▼

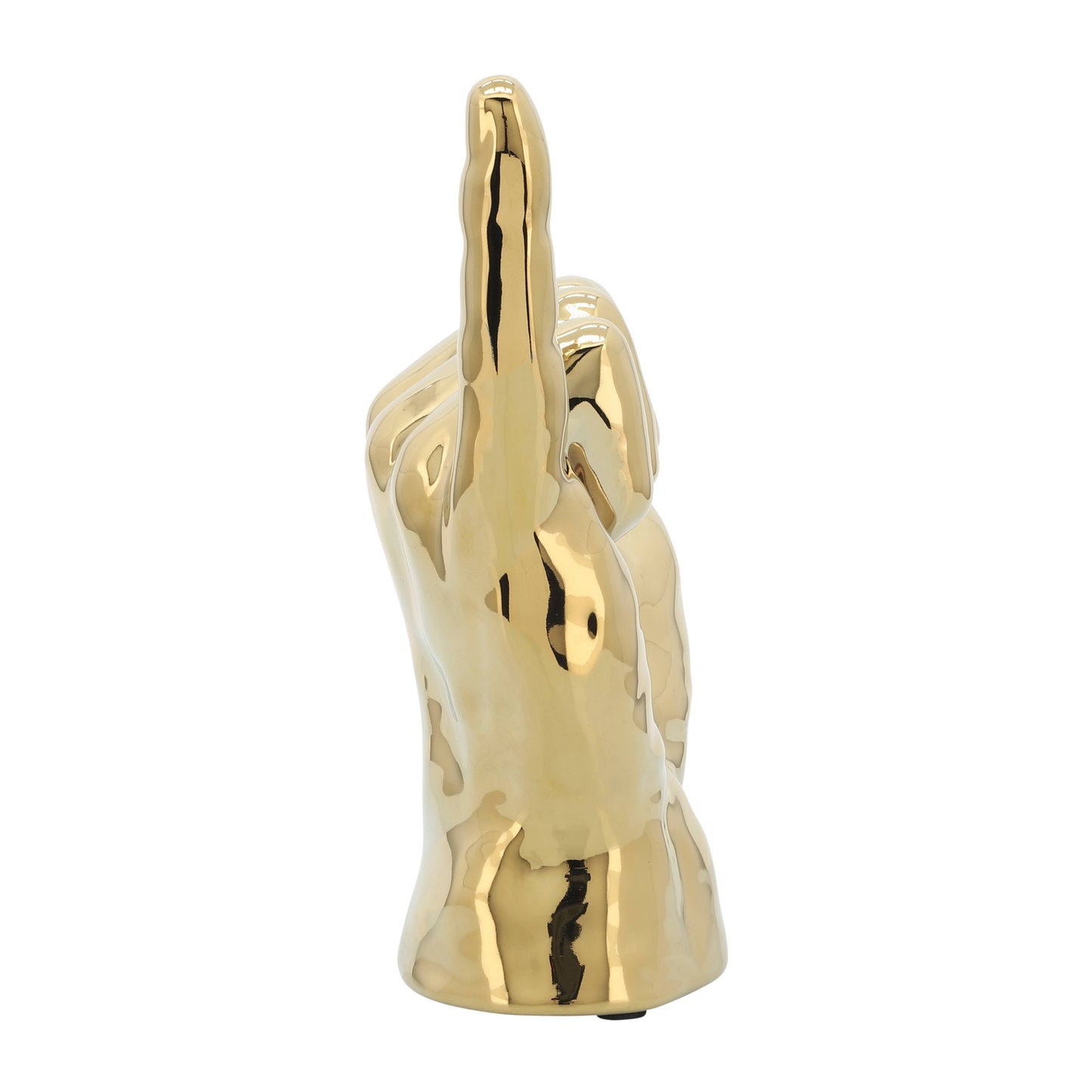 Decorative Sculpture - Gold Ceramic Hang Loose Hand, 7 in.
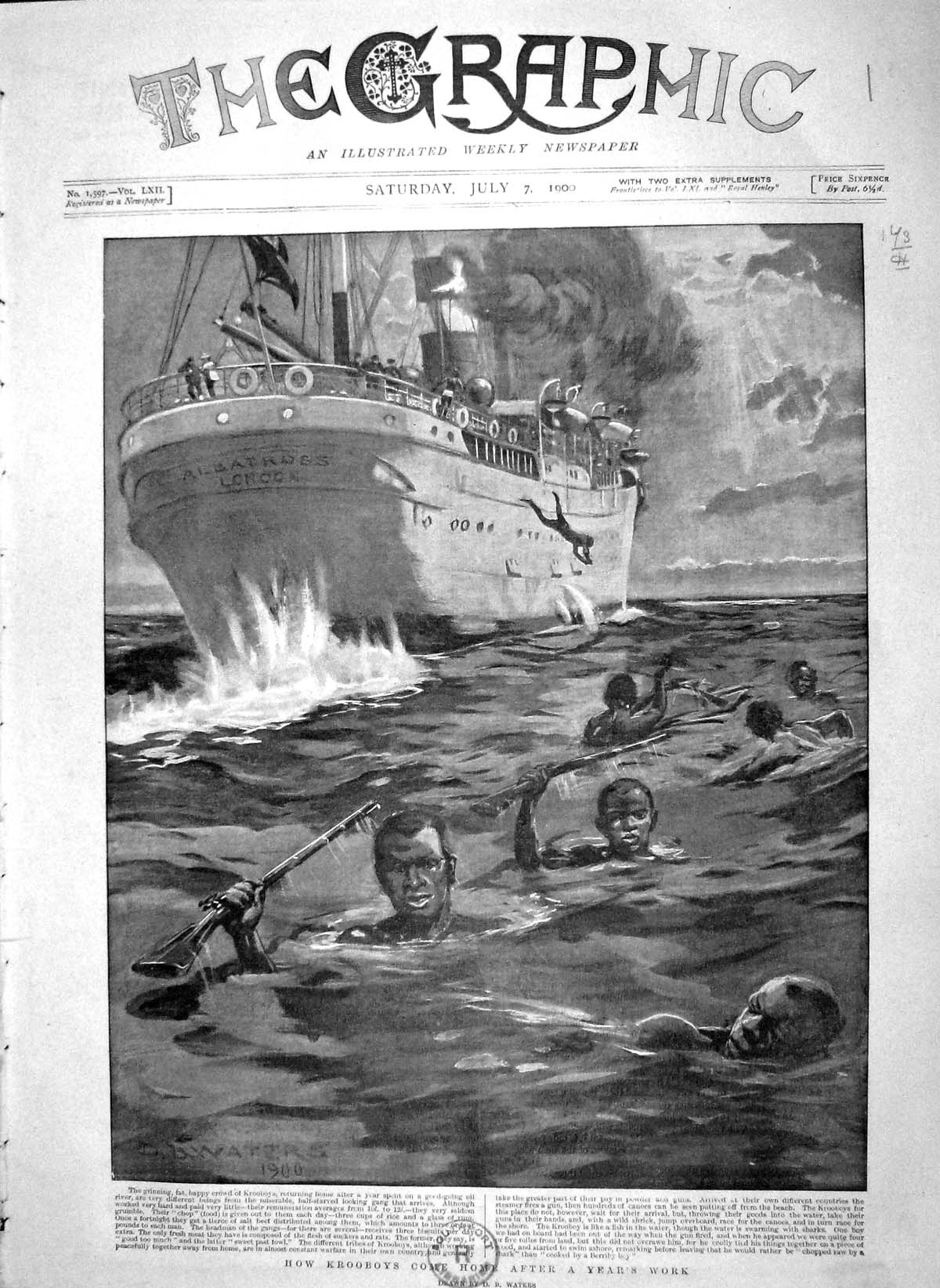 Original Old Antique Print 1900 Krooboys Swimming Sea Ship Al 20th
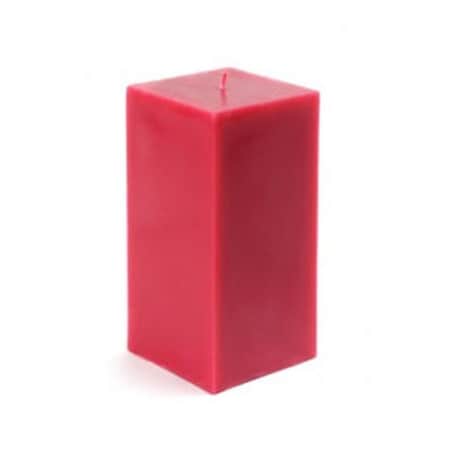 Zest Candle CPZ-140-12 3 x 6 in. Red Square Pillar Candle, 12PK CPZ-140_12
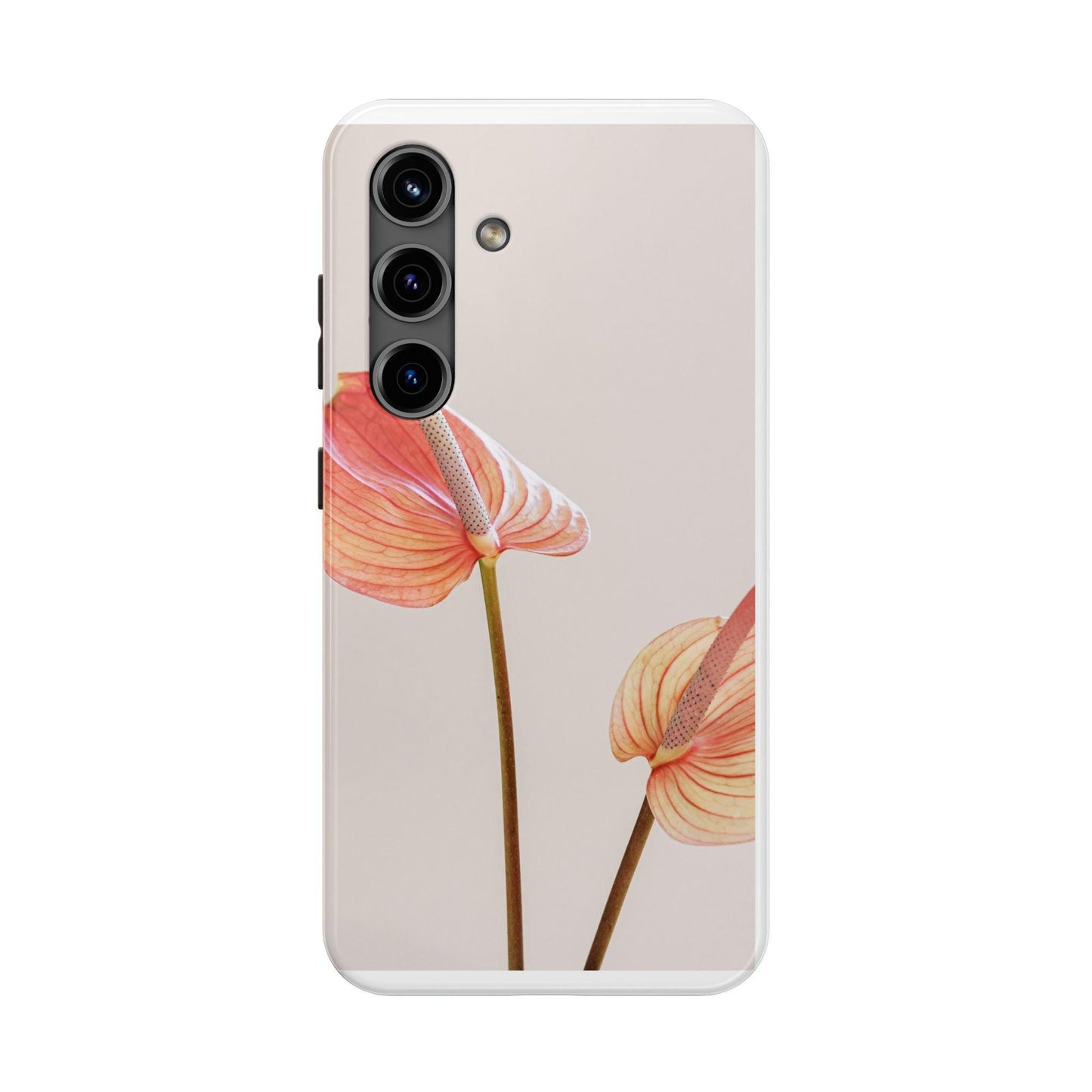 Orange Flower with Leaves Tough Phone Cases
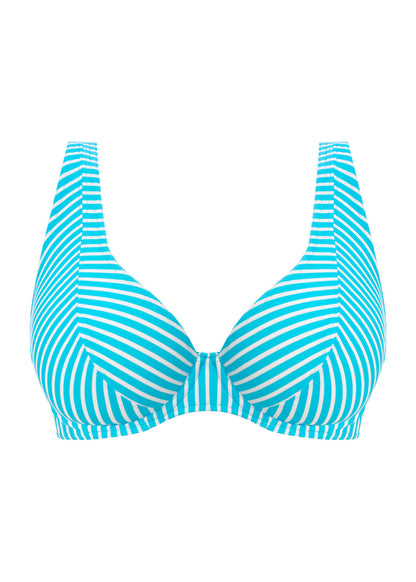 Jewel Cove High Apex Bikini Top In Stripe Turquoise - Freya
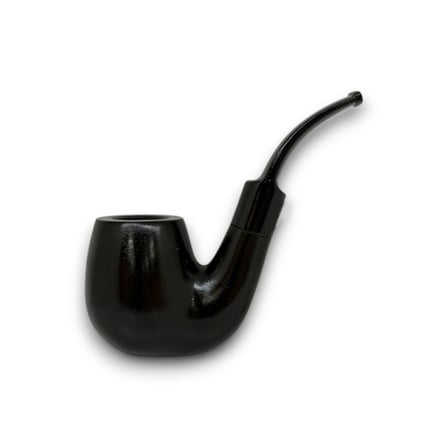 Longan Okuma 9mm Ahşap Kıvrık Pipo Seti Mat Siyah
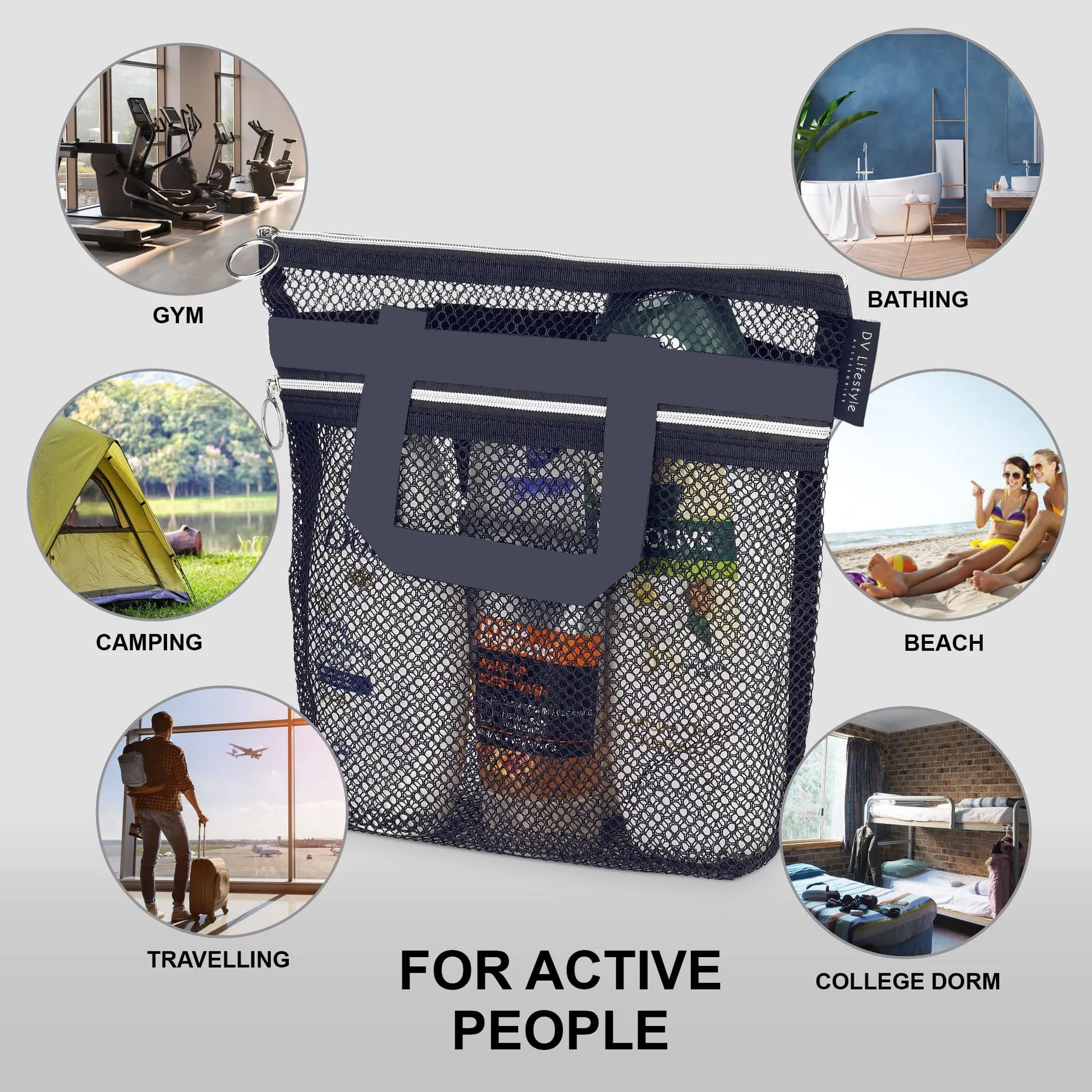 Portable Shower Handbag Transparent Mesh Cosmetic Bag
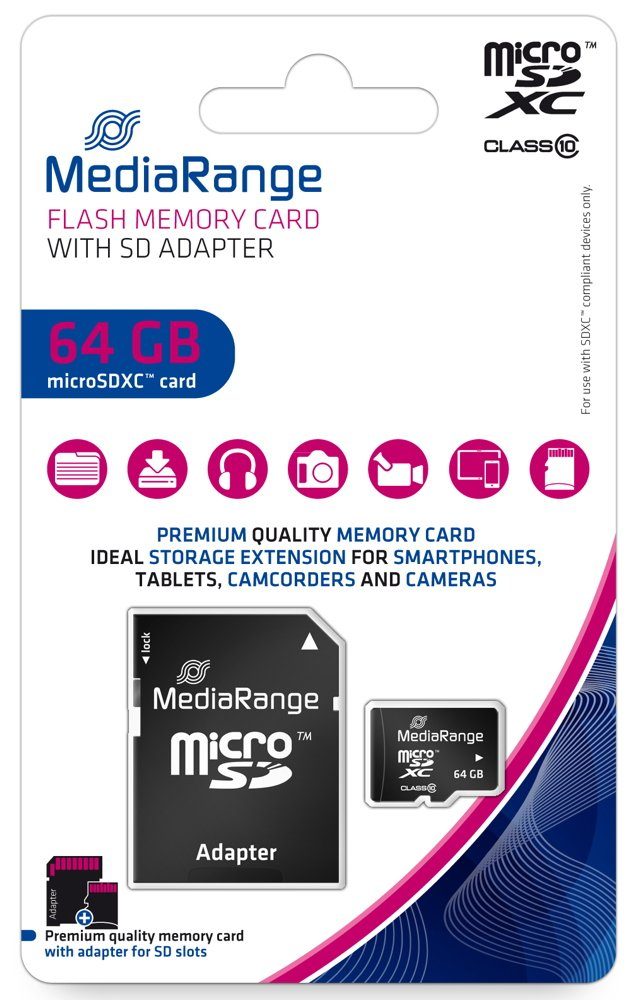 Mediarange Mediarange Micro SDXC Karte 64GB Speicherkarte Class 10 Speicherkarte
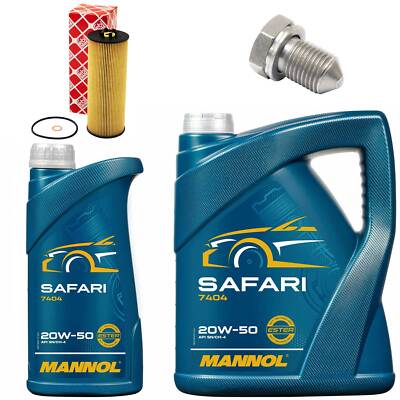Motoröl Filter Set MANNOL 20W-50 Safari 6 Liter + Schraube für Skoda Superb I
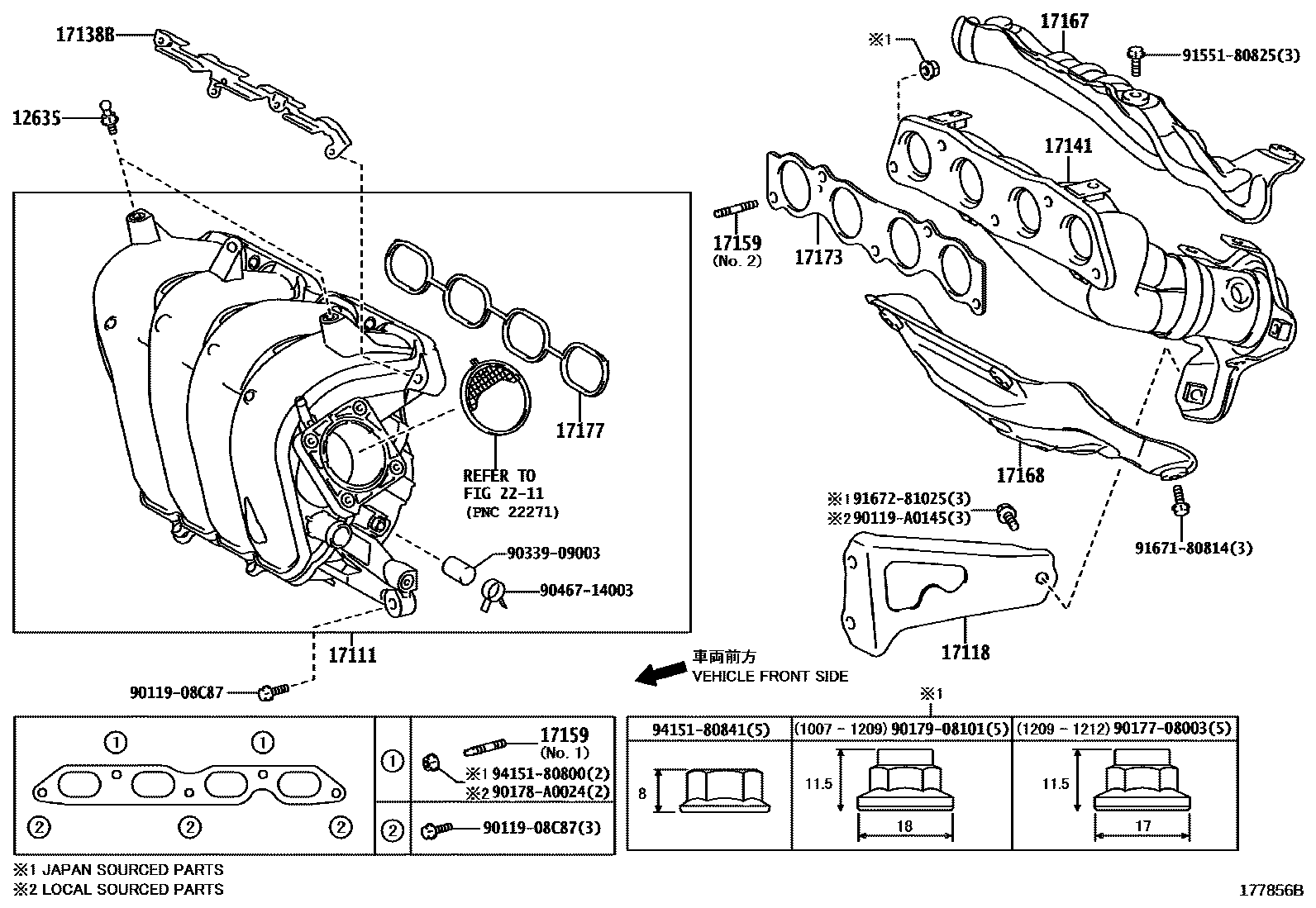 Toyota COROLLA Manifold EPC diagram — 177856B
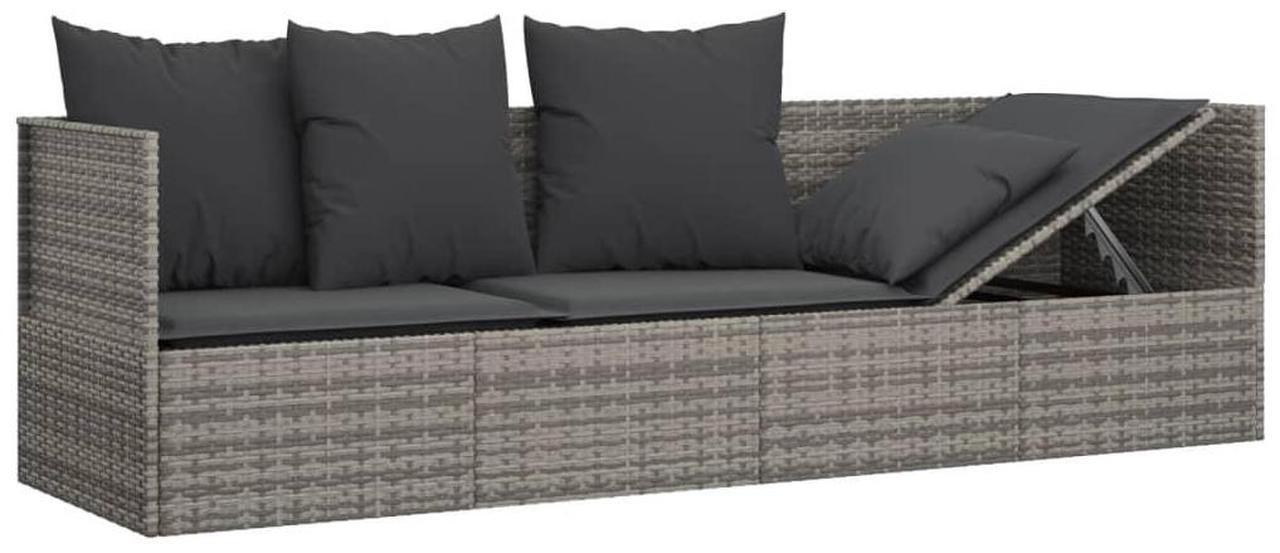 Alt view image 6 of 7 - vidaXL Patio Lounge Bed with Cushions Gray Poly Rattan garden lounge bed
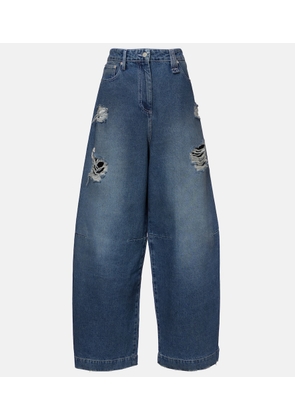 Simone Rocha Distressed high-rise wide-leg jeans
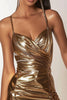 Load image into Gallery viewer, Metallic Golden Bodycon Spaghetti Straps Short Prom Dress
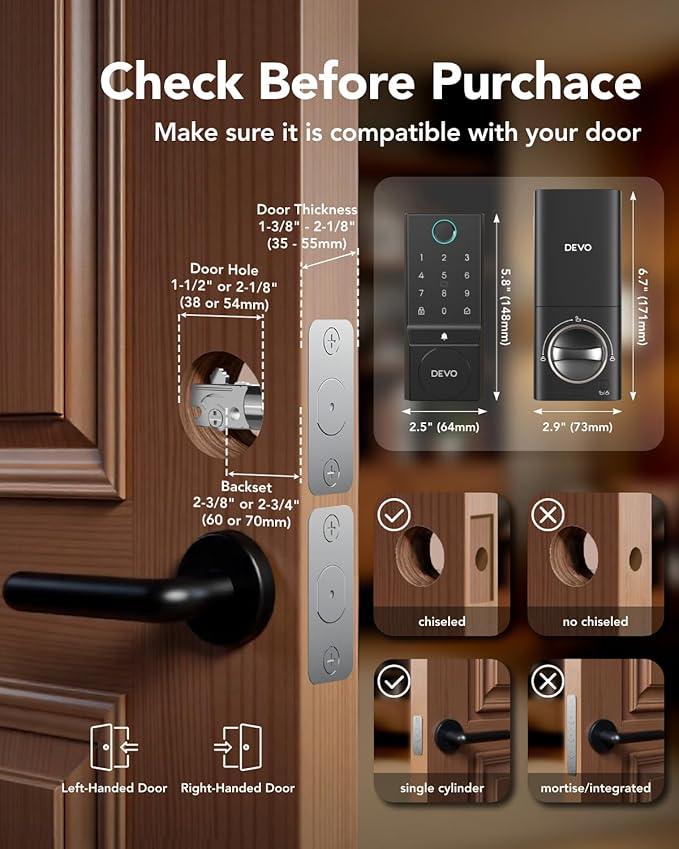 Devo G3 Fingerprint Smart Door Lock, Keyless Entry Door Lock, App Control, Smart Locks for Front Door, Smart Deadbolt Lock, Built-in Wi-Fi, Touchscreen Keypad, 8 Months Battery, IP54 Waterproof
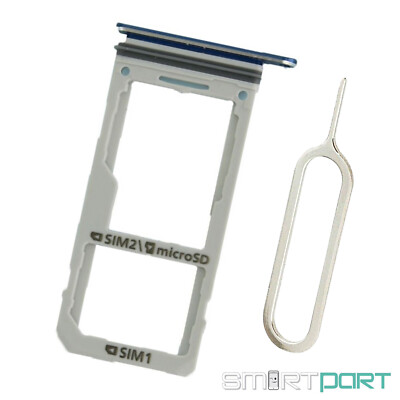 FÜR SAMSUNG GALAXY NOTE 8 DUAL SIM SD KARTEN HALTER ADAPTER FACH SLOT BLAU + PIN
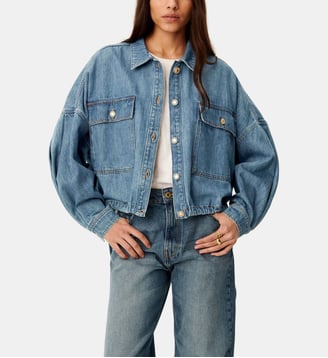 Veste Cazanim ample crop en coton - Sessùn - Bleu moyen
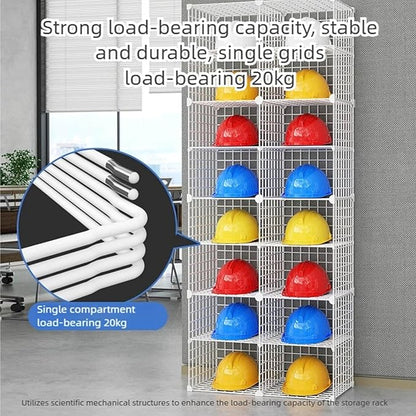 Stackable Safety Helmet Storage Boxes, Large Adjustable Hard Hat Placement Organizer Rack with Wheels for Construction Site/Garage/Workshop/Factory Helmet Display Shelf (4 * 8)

▲

ASSIGNMENT:
Your reply should hold only the lines running from the one with "Alt view image" to the end of the data above, set down exactly, pictures omitted.

SOLUTION FOR THIS EXERCISE:
 Alt view image 6 of 7 - vidaXL Patio Lounge Bed with Cushions Gray Poly Rattan garden lounge bed
 Simone Rocha Distressed high-rise wide-leg jeans
 Load image into Gallery viewer, Metallic Golden Bodycon Spaghetti Straps Short Prom Dress
 Devo G3 Fingerprint Smart Door Lock, Keyless Entry Door Lock, App Control, Smart Locks for Front Door, Smart Deadbolt Lock, Built-in Wi-Fi, Touchscreen Keypad, 8 Months Battery, IP54 Waterproof
 FÜR SAMSUNG GALAXY NOTE 8 DUAL SIM SD KARTEN HALTER ADAPTER FACH SLOT BLAU + PIN
 Veste Cazanim ample crop en coton - Sessùn - Bleu moyen
 Stackable Safety Helmet Storage Boxes, Large Adjustable Hard Hat Placement Organizer Rack with Wheels for Construction Site/Garage/Workshop/Factory Helmet Display Shelf (4 * 8)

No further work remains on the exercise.